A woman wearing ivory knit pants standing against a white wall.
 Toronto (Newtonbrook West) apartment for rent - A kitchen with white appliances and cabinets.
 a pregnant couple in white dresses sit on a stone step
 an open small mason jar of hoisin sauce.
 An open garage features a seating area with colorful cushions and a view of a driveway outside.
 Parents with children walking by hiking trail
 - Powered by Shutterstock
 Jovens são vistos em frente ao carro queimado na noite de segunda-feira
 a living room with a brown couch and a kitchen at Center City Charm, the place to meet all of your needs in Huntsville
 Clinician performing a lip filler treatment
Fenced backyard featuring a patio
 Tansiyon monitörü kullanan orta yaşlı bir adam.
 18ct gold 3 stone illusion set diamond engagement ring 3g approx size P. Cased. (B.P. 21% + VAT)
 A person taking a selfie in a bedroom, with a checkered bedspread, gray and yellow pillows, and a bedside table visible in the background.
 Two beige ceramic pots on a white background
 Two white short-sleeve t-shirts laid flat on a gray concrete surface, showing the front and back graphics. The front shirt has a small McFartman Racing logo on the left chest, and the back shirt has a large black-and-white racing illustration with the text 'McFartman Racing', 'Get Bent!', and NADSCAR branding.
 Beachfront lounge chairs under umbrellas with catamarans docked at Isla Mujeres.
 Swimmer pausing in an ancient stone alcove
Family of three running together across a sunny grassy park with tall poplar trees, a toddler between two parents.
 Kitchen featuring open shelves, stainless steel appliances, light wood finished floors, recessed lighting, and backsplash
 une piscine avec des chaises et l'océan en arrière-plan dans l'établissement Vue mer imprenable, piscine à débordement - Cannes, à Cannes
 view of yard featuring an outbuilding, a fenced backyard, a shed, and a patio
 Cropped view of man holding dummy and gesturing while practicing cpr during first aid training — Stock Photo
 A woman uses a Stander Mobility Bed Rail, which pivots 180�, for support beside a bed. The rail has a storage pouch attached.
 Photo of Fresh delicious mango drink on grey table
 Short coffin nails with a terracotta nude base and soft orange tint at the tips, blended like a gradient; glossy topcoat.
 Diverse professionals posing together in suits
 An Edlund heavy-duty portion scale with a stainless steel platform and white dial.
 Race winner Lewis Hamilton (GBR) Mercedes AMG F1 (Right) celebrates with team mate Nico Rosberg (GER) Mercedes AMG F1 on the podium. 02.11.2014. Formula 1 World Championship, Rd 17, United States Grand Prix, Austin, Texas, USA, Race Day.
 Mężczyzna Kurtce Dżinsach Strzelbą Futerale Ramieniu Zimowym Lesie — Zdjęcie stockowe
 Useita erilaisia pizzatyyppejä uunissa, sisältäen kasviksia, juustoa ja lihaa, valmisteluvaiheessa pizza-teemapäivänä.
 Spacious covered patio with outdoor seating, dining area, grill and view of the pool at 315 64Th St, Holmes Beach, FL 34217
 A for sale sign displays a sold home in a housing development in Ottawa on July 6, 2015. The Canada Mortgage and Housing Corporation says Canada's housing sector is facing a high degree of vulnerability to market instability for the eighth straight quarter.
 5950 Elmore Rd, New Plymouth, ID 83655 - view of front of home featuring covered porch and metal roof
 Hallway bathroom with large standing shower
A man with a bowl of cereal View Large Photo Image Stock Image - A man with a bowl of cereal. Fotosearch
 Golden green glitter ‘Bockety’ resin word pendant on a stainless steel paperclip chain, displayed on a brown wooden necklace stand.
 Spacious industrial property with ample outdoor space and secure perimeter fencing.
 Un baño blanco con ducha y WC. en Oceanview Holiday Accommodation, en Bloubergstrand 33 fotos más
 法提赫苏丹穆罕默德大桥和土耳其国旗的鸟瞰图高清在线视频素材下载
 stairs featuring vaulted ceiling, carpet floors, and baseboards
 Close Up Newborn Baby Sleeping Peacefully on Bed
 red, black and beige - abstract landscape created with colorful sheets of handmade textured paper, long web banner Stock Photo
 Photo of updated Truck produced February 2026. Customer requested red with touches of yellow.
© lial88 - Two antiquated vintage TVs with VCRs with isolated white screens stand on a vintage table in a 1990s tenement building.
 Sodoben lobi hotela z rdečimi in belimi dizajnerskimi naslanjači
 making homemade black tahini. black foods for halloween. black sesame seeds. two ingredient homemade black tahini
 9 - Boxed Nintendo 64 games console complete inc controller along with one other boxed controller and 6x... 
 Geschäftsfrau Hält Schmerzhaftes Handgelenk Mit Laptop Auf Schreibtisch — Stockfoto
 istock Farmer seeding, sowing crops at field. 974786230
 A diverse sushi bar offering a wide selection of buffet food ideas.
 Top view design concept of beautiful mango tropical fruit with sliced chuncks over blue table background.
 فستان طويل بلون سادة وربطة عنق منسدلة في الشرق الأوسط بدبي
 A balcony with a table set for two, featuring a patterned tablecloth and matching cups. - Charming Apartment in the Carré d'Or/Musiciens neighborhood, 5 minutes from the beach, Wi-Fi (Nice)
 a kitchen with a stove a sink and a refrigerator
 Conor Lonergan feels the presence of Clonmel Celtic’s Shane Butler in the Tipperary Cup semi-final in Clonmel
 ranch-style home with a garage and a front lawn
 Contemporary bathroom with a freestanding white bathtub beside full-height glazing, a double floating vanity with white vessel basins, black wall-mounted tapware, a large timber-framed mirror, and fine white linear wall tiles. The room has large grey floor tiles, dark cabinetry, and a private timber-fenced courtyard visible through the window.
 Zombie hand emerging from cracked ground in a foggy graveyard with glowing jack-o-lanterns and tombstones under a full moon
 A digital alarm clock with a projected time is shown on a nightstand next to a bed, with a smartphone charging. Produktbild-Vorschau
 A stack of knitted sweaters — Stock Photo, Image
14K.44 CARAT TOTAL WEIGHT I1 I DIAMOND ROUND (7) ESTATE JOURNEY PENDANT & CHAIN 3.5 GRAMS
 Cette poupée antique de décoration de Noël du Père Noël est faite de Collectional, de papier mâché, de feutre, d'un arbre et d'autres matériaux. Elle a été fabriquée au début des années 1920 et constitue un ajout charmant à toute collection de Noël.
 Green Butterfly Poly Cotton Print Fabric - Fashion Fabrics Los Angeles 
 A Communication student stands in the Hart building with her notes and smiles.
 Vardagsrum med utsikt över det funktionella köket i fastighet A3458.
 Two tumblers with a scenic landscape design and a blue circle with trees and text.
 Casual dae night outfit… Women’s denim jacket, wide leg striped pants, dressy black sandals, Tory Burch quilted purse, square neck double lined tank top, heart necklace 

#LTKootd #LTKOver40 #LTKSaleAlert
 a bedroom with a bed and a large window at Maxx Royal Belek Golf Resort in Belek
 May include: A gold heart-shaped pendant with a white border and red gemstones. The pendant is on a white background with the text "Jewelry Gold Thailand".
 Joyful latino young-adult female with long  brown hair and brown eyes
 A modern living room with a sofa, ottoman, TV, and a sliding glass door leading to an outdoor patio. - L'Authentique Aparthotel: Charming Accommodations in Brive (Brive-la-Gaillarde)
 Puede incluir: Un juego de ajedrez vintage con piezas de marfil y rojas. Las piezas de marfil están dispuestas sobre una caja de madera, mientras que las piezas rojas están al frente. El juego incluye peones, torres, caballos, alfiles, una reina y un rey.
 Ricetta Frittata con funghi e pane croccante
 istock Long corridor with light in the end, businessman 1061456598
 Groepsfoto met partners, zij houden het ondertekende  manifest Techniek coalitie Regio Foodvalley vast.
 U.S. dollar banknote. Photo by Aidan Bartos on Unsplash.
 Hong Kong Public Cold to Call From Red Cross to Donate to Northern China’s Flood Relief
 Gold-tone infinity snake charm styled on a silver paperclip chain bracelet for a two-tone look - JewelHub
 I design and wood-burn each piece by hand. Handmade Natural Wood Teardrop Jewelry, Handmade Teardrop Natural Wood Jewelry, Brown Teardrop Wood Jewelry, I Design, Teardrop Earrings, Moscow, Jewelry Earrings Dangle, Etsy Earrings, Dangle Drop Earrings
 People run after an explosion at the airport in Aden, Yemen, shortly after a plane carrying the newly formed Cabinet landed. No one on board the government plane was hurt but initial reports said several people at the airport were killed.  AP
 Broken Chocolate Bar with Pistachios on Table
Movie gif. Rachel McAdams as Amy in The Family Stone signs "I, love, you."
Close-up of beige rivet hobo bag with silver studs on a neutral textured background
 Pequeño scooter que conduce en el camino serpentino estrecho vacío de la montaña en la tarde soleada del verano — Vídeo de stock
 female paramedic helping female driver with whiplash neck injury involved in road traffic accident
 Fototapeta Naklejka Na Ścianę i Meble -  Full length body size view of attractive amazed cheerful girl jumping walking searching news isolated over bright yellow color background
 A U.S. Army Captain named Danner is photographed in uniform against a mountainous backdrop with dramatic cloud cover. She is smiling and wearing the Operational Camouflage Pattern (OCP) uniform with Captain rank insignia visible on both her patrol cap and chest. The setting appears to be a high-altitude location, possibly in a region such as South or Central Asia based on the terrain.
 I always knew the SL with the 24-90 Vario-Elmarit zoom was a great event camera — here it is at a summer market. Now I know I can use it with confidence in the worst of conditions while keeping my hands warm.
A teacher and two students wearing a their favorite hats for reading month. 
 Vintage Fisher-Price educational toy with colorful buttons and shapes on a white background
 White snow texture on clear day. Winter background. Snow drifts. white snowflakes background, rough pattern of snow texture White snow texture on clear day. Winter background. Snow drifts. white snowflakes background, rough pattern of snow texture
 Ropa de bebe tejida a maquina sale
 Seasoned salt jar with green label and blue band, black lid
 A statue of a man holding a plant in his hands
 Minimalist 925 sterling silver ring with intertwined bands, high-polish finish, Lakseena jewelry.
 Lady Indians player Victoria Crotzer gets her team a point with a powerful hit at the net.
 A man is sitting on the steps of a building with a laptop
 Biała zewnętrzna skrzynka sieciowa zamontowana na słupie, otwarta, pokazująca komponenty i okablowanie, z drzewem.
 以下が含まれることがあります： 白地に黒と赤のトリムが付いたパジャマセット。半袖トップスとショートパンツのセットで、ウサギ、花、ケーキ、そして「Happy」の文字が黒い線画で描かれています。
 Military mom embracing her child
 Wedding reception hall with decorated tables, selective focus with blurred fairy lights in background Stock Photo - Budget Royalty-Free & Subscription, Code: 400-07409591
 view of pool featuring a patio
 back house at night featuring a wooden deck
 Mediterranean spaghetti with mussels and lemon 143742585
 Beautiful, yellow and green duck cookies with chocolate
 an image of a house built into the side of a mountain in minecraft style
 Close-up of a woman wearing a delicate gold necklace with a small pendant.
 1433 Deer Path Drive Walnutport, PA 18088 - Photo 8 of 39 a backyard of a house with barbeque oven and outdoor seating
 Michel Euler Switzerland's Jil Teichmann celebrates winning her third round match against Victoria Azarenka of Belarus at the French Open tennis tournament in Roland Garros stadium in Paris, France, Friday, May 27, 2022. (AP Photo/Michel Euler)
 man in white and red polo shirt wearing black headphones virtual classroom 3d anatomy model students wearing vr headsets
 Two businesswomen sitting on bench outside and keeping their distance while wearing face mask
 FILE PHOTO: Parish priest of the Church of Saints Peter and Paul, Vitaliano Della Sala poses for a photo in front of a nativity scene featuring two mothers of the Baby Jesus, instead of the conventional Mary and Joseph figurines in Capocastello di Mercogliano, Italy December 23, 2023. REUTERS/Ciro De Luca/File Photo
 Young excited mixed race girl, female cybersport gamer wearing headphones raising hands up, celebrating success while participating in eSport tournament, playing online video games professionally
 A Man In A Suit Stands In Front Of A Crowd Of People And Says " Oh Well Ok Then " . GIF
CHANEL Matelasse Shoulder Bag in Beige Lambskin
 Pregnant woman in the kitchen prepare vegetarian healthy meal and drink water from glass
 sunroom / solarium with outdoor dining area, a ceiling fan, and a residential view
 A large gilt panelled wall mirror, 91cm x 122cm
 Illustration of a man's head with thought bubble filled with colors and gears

__WHAT YOU NEED TO DO__. In the listing above, find the line containing "An open garage" and the line containing "Two beige ceramic pots on a white background", then repeat those two lines and everything between them exactly.

__SOLUTION__.
 An open garage features a seating area with colorful cushions and a view of a driveway outside.
 Parents with children walking by hiking trail
 - Powered by Shutterstock
 Jovens são vistos em frente ao carro queimado na noite de segunda-feira
 a living room with a brown couch and a kitchen at Center City Charm, the place to meet all of your needs in Huntsville
 Clinician performing a lip filler treatment
Fenced backyard featuring a patio
 Tansiyon monitörü kullanan orta yaşlı bir adam.
 18ct gold 3 stone illusion set diamond engagement ring 3g approx size P. Cased. (B.P. 21% + VAT)
 A person taking a selfie in a bedroom, with a checkered bedspread, gray and yellow pillows, and a bedside table visible in the background.
 Two beige ceramic pots on a white background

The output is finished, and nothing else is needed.